Implementing Differentiable IIR in PyTorch#
In this section, we will implement the methods we have discussed in the section Differentiable Implementation of IIR Filters. We encourage the readers to read that section first to get a better understanding of the methods we will implement here.
Below are some high-level functions that we will be using in this section.
Naive IIR Implementation#
Before we start, let us import the necessary libraries and define some helper functions for plotting.
Show code cell source
import torch
import scipy.signal as signal
import numpy as np
import matplotlib.pyplot as plt
from typing import List, Tuple
from timeit import timeit
from torch.profiler import profile, ProfilerActivity
Show code cell source
def plot_tf(
title: str,
fs: int,
t: np.ndarray,
ys: List[np.ndarray],
labels: List[str] = None,
xlim: Tuple[float, float] = None,
):
fig = plt.figure(figsize=(12, 5), dpi=200)
plt.subplot(1, 2, 1)
for y, label in zip(ys, labels) if labels is not None else zip(ys, [None] * len(ys)):
plt.plot(t, y, label=label)
plt.xlabel("Time [s]")
plt.ylabel("Amplitude")
plt.title(title)
if label is not None:
plt.legend()
if xlim is not None:
plt.xlim(*xlim)
plt.subplot(1, 2, 2)
for y, label in zip(ys, labels) if labels is not None else zip(ys, [None] * len(ys)):
plt.magnitude_spectrum(y, Fs=fs, scale="dB", window=signal.windows.boxcar(len(y)), label=label)

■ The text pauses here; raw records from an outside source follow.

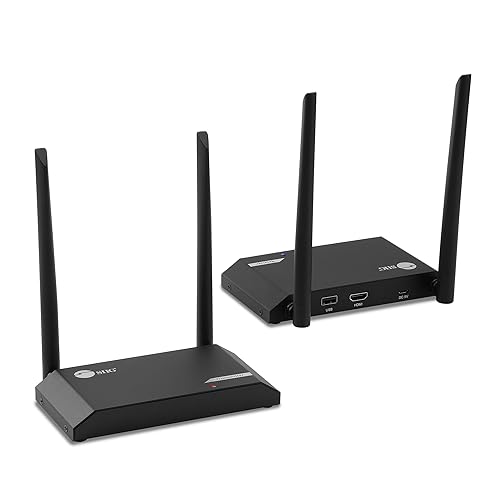 SIIG 1080p Wireless HDMI KVM Extender with 4K@60Hz Loopout - Up to 500 Feet, IR Control, Keyboard and Mouse, Touch Panel Support, USB 2.0 Extension, HDCP 2.2/1.3, Dual Antenna (CE-H26G11-S2)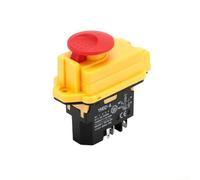 Cushteg YH02-A Interruptor de botón electromagnético E-Stop de seguridad, 250VAC 18A 4 pines, IP54 impermeable para maquinaria industrial y herramientas eléctricas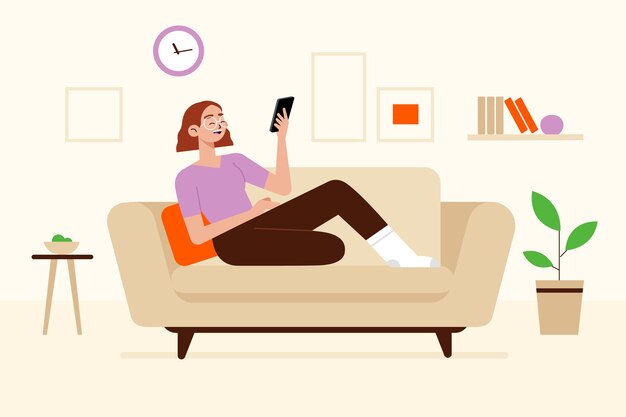 Concetto dell'illustrazione con la persona che si rilassa a casa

plt.xlabel("Frequency [Hz]")
plt.ylabel("Magnitude [dB]")
plt.xscale("log")
plt.ylim(-60, 10)
plt.title("Magnitude spectrum")
if labels is not None:
plt.legend()
plt.show()
Let us first implement an IIR filter in PyTorch using the difference equation (1) directly and see how it performs.
@torch.jit.script
def naive_iir(x: torch.Tensor, a: torch.Tensor):
"""
Naive implementation of IIR filter.
"""
assert x.ndim == 1
assert a.ndim == 1
T = x.numel()
M = a.numel()
# apply initial rest condition
# here, we use the utility function `new_zeros` to create a tensor
# with the same dtype and device as `x` filled with zeros, so we
# don't have to worry and create variables for the dtype and device
y = [x.new_zeros(1)] * M
for i in range(T):
past_outputs = torch.cat(y[-1:-M-1:-1])
y.append(x[i:i+1] -torch.dot(a, past_outputs))
return torch.cat(y[M:])
For simplicity, the above implementation assumes \(y[n] = 0\) for \(n < 0\). In addition, We use the torch.jit.script
decorator to utilise just-in-time compilation for speed improvement. Let us check whether the implementation is correct by comparing it with the scipy.signal.lfilter
function.
The test signal is a chirp signal with a frequency that increases linearly from 1 Hz to 1000 Hz in 2 seconds. The sampling rate is 16000 Hz.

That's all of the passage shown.